» **What is required**
Search the records for lines that contain the word "Unisex". Copy them all.

※

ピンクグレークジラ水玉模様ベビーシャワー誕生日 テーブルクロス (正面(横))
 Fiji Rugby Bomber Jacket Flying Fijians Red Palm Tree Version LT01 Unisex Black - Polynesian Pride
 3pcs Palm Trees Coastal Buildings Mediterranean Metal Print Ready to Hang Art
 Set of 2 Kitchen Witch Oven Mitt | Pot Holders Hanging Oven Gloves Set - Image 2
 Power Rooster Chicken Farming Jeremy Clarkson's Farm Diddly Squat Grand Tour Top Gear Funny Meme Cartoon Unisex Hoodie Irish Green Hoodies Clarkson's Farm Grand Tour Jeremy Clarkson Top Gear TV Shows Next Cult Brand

※

» **Written answer**
 Fiji Rugby Bomber Jacket Flying Fijians Red Palm Tree Version LT01 Unisex Black - Polynesian Pride
 Power Rooster Chicken Farming Jeremy Clarkson's Farm Diddly Squat Grand Tour Top Gear Funny Meme Cartoon Unisex Hoodie Irish Green Hoodies Clarkson's Farm Grand Tour Jeremy Clarkson Top Gear TV Shows Next Cult Brand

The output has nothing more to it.